Widely seen as a shot across the bow at the Trump administration’s lethargic pace in setting a strategy for the war in Afghanistan, Senator John McCain issued a statement Monday announcing the inclusion of an Afghan strategy in the National Defense Authorization Act in September.
“When the Senate takes up the National Defense Authorization Act in September, I will offer an amendment based on the advice of some our best military leaders that will provide a strategy for success in achieving America’s national interests in Afghanistan,” The statement read.
“More than six months after President Trump’s inauguration, there still is no strategy for success in Afghanistan. Eight years of a ‘don’t lose’ strategy has cost us lives and treasure in Afghanistan. Our troops deserve better.”
Secretary of Defense James Mattis had promised an Afghan strategy would be ready by mid-July of this year.
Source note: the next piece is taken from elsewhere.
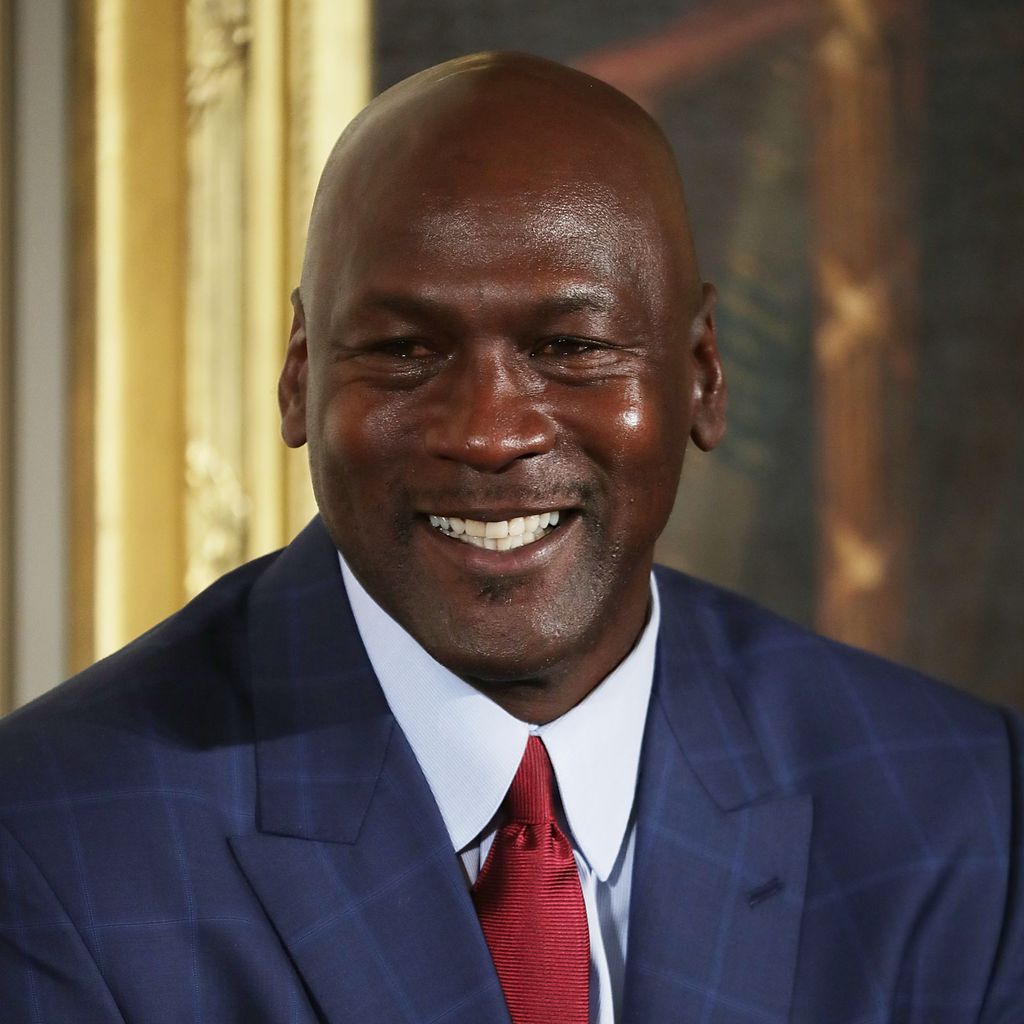 Michael Jordan, Basketball-Legende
As Chairman of the Senate Armed Services Committee, McCain has long called for a coherent strategy from the new administration, threatening to provide one to Mattis if the administration failed to do so.
“I was confident that in the first 30 to 60 days we were going to have a strategy from which to start working. So all I can tell you is, that unless we get a strategy from you, you’re going to a get strategy from us,” McCain said in June. “The fact is, it’s not our job. It’s not our job. It’s yours.”
McCain was recently diagnosed with brain cancer, but has used his time outside of the hospital to remain as controversial as ever, casting the deciding vote which killed the Republican-led Obamacare repeal initiative last week.
But despite reports of Trump’s military leaders asking for a surge of troops into Afghanistan, it appears Trump may be considering a withdrawal altogether from the country, leaving behind a smaller force of private contractors in the wake of America’s longest war, according to the Wall Street Journal.